あらまし
- 三鷹市立第五中学校(五中)おやじの会に所属し、五中PTA会長を務める酒井一樹さんにお話をうかがいました。
7年前に札幌から東京へ移り住んで来ました。その頃は、新しい土地で地域の人たちの中へ溶け込むのが、なかなか大変だったことを覚えています。子どもの通っていた小学校におやじの会があったのですが、「お父さんも入ってよ」と子どもに言われ、私も所属するようになりました。ですが、メンバーから活動の誘いがあっても何か理由をつけては断り続け、気がつけば2年が経っていました。
いざという時に助け合えることの大事さ
そうして、2011年の3月、あの東日本大震災が起きたんです。震災を目の当たりにし、いざという時に身近で手を取り合い、助け合えるのは、地域の人たちなのだと気づかされました。そして、自分から行動を起こさなければダメだと思ったんです。おやじの会の活動に積極的に参加するようになったのも、震災後からです。
活動を続けているうちに、いつの間にか、自然と子どもたちから挨拶されるようになり、地域の人たちと当たり前のように声を掛け合える関係が築けていました。
子どもたちの笑顔が見られるだけで、本当にありがたいと感じるようにもなりました。
自ら一歩踏み込んで得た「居心地の良い場所」
おやじの会での活動は、五中生と教職員、おやじの会による学園祭「鷹南祭」の運営や、地域のお祭りの警備、体育大会への参加、小学校のおやじの会との合同イベントなどさまざまなものがあります。これらの活動の中で、子どもたちや地域の方と触れ合いながら、地域の絆を深めています。
活動は強制ではありません。それぞれ仕事や家庭の用事もありますから、来られる時に来る。同じようなおやじ仲間たちもいますし、中に入ってしまえば、次第に居心地も良くなってくるんです。
ですが、外から見ているとどうしても敷居が高く、一歩踏み出せない。あるいは、すでに活動している私たちが敷居を高く見せてしまっている部分もあるのかもしれません。
子どもの通う学校や、住んでいる地域での活動ですから、本来敷居は低いはずなんです。

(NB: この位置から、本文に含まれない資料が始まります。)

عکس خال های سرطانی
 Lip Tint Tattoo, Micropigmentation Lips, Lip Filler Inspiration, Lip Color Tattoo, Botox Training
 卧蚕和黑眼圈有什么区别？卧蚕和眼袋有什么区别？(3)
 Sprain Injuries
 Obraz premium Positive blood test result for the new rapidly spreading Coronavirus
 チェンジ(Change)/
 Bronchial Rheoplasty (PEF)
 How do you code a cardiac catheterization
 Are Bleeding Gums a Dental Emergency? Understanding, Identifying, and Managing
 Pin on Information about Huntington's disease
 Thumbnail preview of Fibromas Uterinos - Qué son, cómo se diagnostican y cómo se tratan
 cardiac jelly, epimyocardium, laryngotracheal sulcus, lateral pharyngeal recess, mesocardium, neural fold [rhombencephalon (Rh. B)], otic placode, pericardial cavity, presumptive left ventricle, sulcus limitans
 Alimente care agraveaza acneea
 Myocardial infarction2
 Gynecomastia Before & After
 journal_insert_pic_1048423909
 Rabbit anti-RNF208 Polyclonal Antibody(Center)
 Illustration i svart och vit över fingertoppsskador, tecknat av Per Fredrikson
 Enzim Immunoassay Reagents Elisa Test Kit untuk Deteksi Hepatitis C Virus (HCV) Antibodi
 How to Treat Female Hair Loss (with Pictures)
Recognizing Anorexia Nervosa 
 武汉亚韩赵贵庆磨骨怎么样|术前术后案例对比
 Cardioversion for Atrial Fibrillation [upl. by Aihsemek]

若い世代のお父さんたちにもどんどん参加してもらえるよう、入ってきやすい環境をつくることが、今ある課題の一つです。
私自身、その敷居の高さに足踏みをしていた時期があったので、自分から一歩踏み出すことで「自分にとって居心地の良い場所」と、その活動の中でしか出会えない「幸せ」の2つを得られた私の経験を、伝えていければと思っています。
新しい世代へつないでいくために
4月から子どもが中2になったので、現在は五中PTA会長としての活動が主軸ですが、五中おやじの会で現役として活動できるのはあと2年しかありません。
課題はまだまだありますが、学校や地域との連携を見直していくこともその一つです。 今はまだ連携がうまくできていない部分もありますが、学校だけでなく、PTAや各団体、行政、他地域のおやじの会などとも連携していくことで、地域としてもさらに成熟していけるのだと思います。
五中おやじの会に今以上に良い流れをつくり、それを引き継ぎ、新しい世代の”おやじ“たちにも、私と同じ気持ちを体験できる環境を残すため、取組んでいかなければと思います。
「いい距離感を保ちながら、子どもたちと関わり、学校や地域のお手伝いをしながら、おやじたち自身が楽しむ」を目的に、平成21年3月に三鷹市内の中学校として初めて立ち上げられたおやじの会。学校や地域に関するちょっとしたお手伝いなど、さまざまな活動を行っています。